Pas parce que c'est simple.
Pas parce que nous sommes toujours d'accord.
Mais parce que reconnaître l'humanité de l'autre est peut-être la seule manière d'empêcher le feu de devenir un incendie.
Cette réflexion m'a aussi rappelé une vieille publicité Oasis.
Vous vous en souvenez peut-être : les fruits se mettent à danser pour appeler la pluie/l'eau.
Une image légère, presque enfantine.
Et je me suis surprise à penser que nous avions peut-être, nous aussi, besoin de retrouver des rituels.

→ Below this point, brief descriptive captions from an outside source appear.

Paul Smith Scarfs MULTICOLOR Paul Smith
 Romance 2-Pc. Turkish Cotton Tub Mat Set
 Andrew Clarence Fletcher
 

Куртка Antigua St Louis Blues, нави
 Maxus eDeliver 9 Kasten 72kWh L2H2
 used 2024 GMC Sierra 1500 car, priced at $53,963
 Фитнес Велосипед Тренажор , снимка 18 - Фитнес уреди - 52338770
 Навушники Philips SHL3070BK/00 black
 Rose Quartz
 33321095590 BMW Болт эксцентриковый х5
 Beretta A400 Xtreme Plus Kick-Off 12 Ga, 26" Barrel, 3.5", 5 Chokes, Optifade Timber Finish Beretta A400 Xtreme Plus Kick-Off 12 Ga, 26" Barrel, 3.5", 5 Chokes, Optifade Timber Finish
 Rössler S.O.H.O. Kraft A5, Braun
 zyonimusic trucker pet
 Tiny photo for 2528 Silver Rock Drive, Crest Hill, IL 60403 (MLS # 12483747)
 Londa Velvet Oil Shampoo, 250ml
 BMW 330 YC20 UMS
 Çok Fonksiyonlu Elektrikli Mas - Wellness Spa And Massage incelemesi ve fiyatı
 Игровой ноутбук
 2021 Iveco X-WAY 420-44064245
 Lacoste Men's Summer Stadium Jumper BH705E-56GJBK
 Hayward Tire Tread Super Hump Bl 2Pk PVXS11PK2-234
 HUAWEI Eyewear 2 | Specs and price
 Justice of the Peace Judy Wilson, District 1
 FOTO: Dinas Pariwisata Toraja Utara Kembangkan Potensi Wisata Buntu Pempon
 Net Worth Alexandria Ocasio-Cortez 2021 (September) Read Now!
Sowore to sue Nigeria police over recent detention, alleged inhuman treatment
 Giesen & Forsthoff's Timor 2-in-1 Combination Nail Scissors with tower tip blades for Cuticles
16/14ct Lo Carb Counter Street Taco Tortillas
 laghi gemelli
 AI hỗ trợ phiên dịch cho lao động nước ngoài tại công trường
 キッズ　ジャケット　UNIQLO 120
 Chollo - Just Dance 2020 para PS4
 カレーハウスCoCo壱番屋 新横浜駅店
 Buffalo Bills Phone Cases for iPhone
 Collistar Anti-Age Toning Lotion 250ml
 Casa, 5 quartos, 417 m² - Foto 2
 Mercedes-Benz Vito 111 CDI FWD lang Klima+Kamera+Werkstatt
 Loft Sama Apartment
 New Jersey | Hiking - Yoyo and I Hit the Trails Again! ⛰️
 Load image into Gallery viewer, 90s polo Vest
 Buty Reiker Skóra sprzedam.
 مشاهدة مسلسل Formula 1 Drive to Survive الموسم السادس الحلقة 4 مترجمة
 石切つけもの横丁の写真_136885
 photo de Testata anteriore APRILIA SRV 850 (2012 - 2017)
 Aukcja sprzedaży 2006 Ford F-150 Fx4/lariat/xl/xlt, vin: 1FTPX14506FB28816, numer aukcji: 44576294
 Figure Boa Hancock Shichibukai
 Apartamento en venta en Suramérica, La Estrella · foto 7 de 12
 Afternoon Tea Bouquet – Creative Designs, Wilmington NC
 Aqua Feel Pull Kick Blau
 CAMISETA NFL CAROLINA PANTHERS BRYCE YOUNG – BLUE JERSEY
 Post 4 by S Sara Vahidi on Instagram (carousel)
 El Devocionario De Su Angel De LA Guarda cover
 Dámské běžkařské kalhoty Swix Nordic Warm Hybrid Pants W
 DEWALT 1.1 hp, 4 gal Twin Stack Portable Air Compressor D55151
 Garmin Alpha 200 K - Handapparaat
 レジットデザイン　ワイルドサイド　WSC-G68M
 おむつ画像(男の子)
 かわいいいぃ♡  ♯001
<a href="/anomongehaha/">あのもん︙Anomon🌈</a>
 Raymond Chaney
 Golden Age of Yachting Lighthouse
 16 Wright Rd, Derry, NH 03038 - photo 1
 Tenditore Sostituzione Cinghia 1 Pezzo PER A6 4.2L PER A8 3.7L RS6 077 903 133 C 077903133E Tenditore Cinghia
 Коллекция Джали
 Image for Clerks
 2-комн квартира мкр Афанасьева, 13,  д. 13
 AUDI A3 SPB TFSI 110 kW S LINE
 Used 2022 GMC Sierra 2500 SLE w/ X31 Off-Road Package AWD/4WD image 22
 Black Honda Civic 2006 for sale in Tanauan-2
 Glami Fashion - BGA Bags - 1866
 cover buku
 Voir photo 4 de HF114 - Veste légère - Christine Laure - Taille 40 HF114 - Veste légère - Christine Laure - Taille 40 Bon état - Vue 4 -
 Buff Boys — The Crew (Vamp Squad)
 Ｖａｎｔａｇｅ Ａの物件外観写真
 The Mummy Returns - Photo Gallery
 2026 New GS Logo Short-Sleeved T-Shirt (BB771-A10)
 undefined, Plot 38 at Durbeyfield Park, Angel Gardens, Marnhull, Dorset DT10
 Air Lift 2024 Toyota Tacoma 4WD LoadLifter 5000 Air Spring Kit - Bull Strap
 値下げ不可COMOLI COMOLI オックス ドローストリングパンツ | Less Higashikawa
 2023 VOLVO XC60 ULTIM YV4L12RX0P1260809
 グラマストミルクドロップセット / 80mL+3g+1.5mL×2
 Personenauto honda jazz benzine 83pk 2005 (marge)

Peut-être avons-nous oublié les rituels qui nous reliaient au vivant. Pas parce qu'ils contrôlent la météo, mais parce qu'ils nous rappellent que nous faisons partie de la nature, et non l'inverse.
Danser.
Respirer.
Marcher en forêt, tant qu'elle est encore là.
Prendre soin de l'eau.
Partager un repas.
Écouter avant de répondre.
Créer un peu de fraîcheur autour de nous.
Peut-être que notre véritable danse de la pluie commence là.
Nous ne pouvons pas empêcher les incendies à nous seuls. Nous ne pouvons pas arrêter les guerres. Nous ne pouvons pas faire baisser la température de la planète par notre seule volonté.
Nous ne sommes peut-être pas responsables du feu qui embrase le monde. En revanche, chacun peut choisir de ne pas ajouter une étincelle de plus au feu ambiant. Nous sommes responsables du feu que nous entretenons dans notre propre Cœur.
Si l'été nous enseigne quelque chose cette année, c'est peut-être ceci : lorsque tout semble s'embraser, notre plus grand acte de résistance est de préserver un espace intérieur où l'eau peut encore circuler. C'est de cet espace que naissent la lucidité, la compassion… et, parfois, les plus profondes transformations.